MUFG: Emerging markets 2023 outlook – a tale of two halves
MUFG: Emerging markets 2023 outlook – a tale of two halves
Distressingly high inflation, aggressively elevated interest rates, the war in Ukraine, sticky COVID outbreaks in China and a dominant US dollar dented the performance of EMs in 2022. Whilst EMs continue to grapple with much the same themes at the turn of the year, we view the outlook as a tale of two halves in 2023.
A fading boost from reopenings, a global manufacturing cycle downturn and tighter financial conditions are lumpy headwinds that will weigh on EM prospects in the first half of 2023. However, China’s zero COVID policy exit, the eventual end of rate hikes and a US dollar peak, all offer significant tailwinds to the EM complex in the second half of 2023.
Differentiation has often been a theme in EMs post-COVID, and we expect high dispersion again in 2023 given varied sensitivities across the space to global growth softness, continued commodity buoyancy, and potential further core interest rate pressures. Indeed, there are unambiguous winners and losers:
- On the losing side are economies that import expensive commodities and run trade deficits they must finance at high interest rates. Some have found it difficult to do so. Sri Lanka defaulted on its debt, Egypt has devalued its currency by ~60% since last March and the IMF stepped in to help both countries as well as Pakistan, Tunisia amongst several other smaller EMs that face the fire of sovereign defaults.
- Commodity exporters remain the winners.

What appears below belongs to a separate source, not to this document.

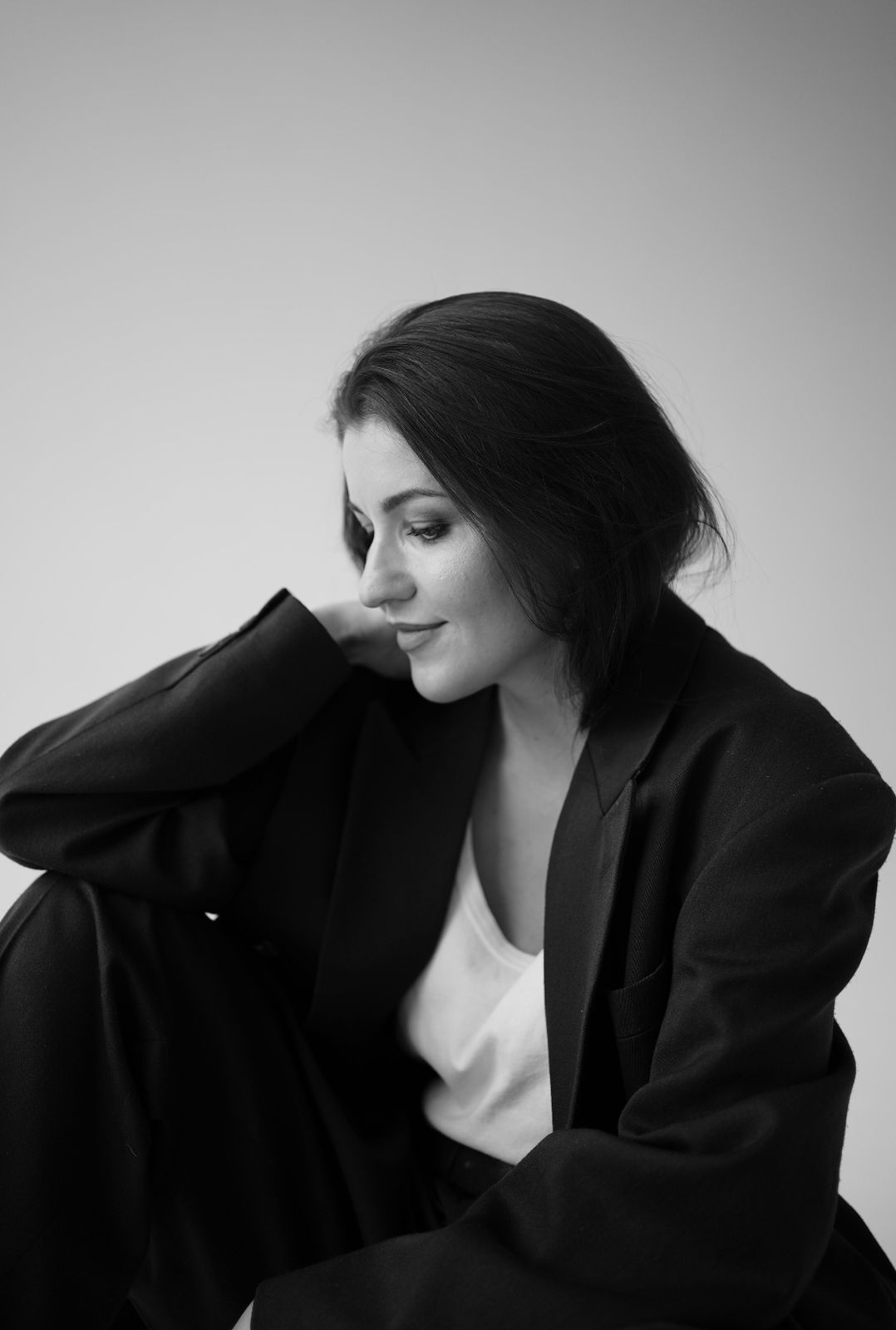 Елена Г.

The export windfall for these countries – the GCC region and a host of Latin American nations – has helped post sizable surpluses, support government spending and grow rapidly.
Overall, whilst EMs are never one unified market, our conviction remains that fundamental obstacles facing the complex in H1 2023 are profound. This makes the EM space a difficult investment proposition until we see the end of the current rate hiking cycle, the US dollar weakening and the Chinese economy rebounding – all of which we anticipate by H2 2023.